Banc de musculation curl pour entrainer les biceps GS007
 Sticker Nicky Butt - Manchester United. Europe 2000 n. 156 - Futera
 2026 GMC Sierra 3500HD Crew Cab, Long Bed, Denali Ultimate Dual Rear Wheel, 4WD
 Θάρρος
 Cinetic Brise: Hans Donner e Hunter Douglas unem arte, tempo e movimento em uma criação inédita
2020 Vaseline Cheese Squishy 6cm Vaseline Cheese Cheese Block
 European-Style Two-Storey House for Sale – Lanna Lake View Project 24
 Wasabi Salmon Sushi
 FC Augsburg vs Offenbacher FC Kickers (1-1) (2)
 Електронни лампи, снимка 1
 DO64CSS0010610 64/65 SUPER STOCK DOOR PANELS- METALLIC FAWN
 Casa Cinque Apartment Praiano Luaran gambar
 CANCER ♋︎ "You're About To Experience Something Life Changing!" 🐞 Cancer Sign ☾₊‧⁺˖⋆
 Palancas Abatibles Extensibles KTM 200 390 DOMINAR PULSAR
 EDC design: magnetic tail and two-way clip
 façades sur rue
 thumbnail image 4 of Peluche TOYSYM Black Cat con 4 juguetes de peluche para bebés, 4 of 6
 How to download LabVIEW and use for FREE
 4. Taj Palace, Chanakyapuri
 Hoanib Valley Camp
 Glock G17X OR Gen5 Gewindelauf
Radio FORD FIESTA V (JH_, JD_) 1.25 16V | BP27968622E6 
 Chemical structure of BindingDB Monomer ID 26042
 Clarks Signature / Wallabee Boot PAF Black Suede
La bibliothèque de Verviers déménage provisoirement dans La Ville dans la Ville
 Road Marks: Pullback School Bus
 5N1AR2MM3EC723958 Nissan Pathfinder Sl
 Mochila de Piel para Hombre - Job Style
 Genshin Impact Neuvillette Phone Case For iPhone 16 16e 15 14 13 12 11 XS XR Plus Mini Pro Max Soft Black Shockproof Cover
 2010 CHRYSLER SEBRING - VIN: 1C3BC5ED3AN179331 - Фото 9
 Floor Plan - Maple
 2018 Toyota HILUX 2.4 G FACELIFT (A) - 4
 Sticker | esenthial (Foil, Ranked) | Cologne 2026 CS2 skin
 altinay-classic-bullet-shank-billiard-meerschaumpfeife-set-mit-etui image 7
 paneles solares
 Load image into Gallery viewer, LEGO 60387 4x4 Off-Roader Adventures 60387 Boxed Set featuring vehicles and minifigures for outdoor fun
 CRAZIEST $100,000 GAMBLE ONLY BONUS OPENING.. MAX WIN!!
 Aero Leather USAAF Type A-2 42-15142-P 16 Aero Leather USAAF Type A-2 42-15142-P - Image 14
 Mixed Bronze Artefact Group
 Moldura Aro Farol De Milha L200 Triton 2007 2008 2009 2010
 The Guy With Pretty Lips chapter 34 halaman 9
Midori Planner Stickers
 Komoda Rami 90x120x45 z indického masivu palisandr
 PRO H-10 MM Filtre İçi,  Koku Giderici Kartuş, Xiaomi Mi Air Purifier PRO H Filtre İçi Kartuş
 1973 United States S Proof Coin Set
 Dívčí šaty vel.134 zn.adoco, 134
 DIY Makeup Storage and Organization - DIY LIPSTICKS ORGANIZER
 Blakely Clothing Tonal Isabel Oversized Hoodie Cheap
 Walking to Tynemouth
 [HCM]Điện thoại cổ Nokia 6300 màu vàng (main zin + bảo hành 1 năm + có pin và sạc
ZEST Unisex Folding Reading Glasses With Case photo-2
_ _ _
### [What the task asks]
Above are the records. Print exactly, and only, the lines from the line with "Komoda Rami 90x120x45" to the line with "DIY Makeup Storage", both inclusive.

### [Response to the exercise]
 Komoda Rami 90x120x45 z indického masivu palisandr
 PRO H-10 MM Filtre İçi,  Koku Giderici Kartuş, Xiaomi Mi Air Purifier PRO H Filtre İçi Kartuş
 1973 United States S Proof Coin Set
 Dívčí šaty vel.134 zn.adoco, 134
 DIY Makeup Storage and Organization - DIY LIPSTICKS ORGANIZER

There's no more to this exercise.